Magnetic nanoparticles for drug targeting: from design to insights into systemic toxicity. Preclinical evaluation of hematological, vascular and neurobehavioral toxicology
Abstract
A simple two-step drug encapsulation method was developed to obtain biocompatible magnetic nanocarriers for the potential targeted treatment of diverse diseases.
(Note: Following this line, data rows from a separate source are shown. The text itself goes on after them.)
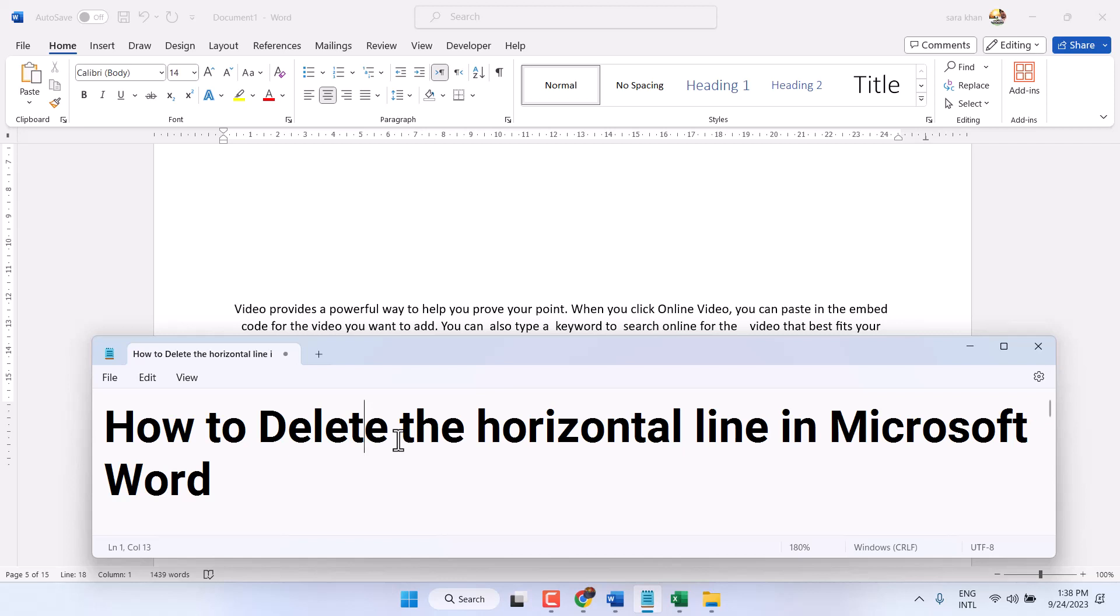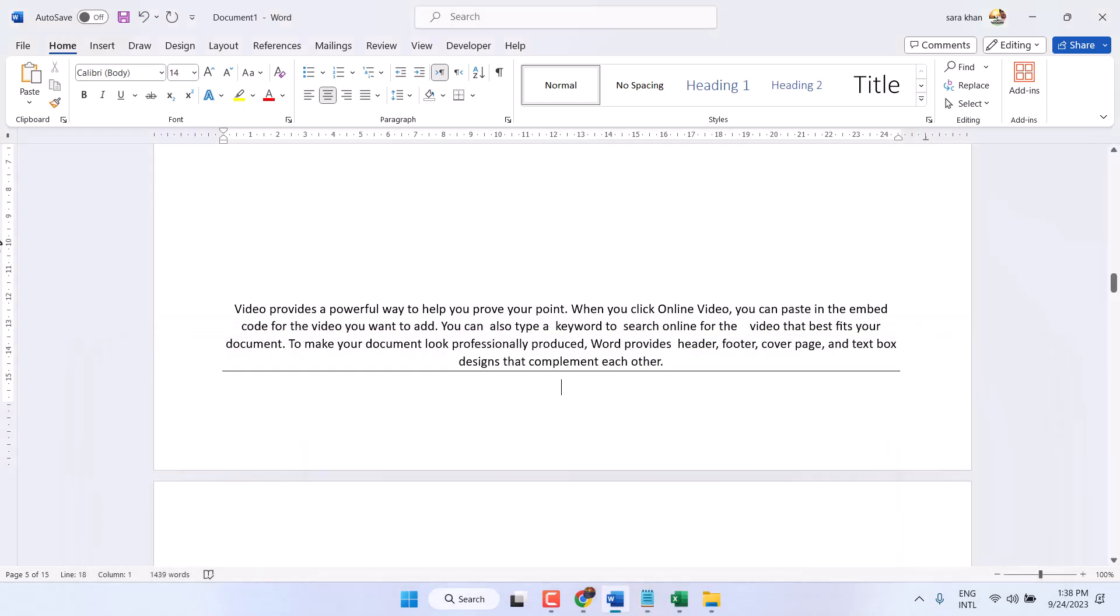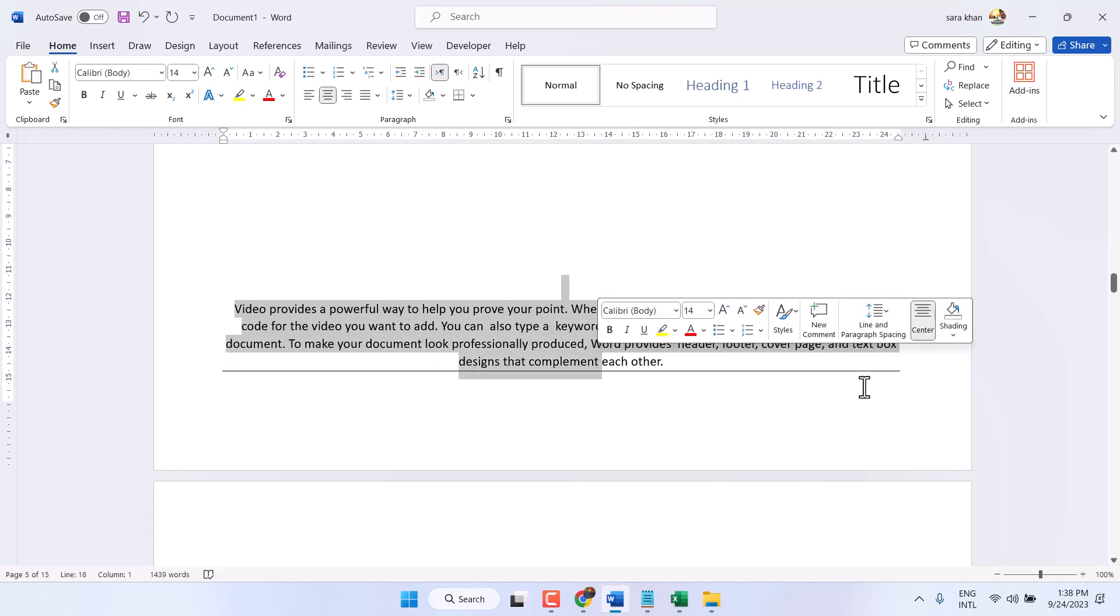In this video I will show you how to delete the horizontal line in Microsoft Word document. We can see we have this underline,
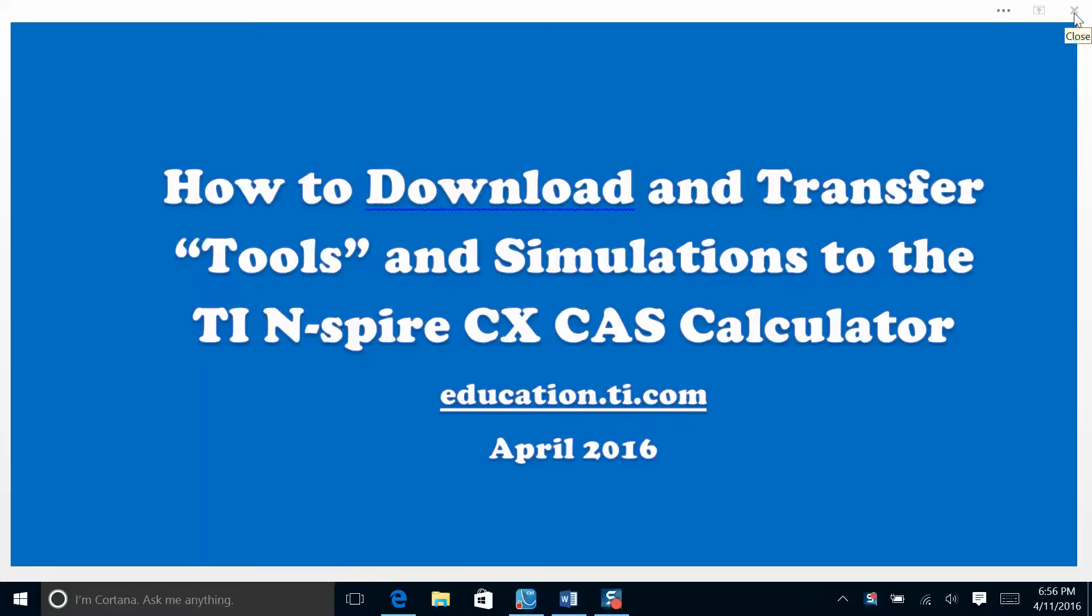In this video, we're going to learn how to download and transfer tools such as the stopwatch tool and simulations or bell ringers to the TI-Inspire CX CAS calculator.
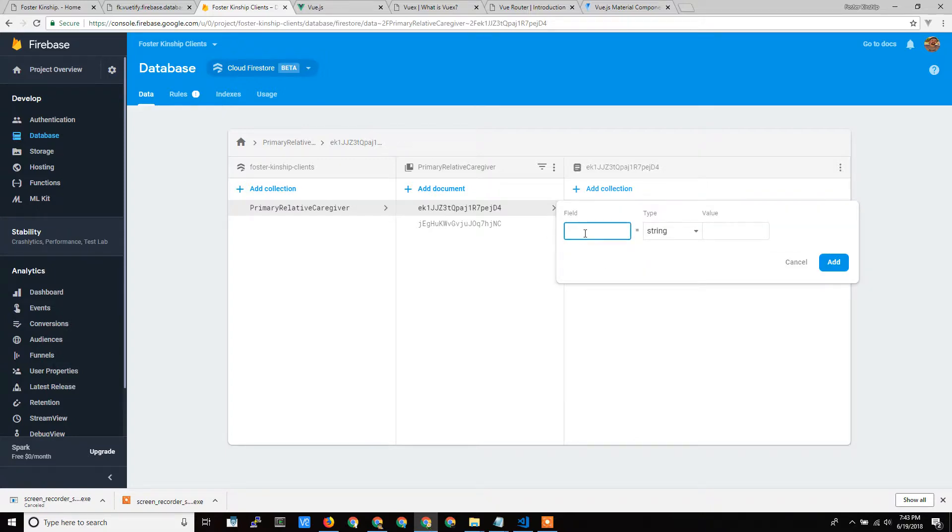which means I can just add fields on the fly. So I could add address if I wanted to, and say I lived at 555 Street.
The nanodevice consists of a magnetite core coated with chitosan (Chit@MNPs) as a platform for diclofenac (Dic) loading as a model drug (Dic–Chit@MNPs). Mechanistic and experimental conditions related to drug incorporation and quantification are further addressed. This multi-disciplinary study aims to elucidate the toxicological impact of the MNPs at hematological, vascular, neurological and behavioral levels. Blood compatibility assays revealed that MNPs did not affect either erythrosedimentation rates or erythrocyte integrity at the evaluated doses (1, 10 and 100 μg mL−1). A microscopic evaluation of blood smears indicated that MNPs did not induce morphological changes in blood cells. Platelet aggregation was not affected by MNPs either and just a slight diminution was observed with Dic–Chit@MNPs, an effect possibly due to diclofenac. The examined formulations did not exert cytotoxicity on rat aortic endothelial cells and no changes in cell viability or their capacity to synthesize NO were observed. Behavioral and functional nervous system parameters in a functional observational battery were assessed after a subacute treatment of mice with Chit@MNPs. The urine pools of the exposed group were decreased. Nephritis and an increased number of megakaryocytes in the spleen were observed in the histopathological studies. Sub-acute exposure to Chit@MNPs did not produce significant changes in the parameters used to evaluate neurobehavioral toxicity. The aspects focused on within this manuscript are relevant at the pre-clinical level providing new and novel knowledge concerning the biocompatibility of magnetic nanodevices for biomedical applications.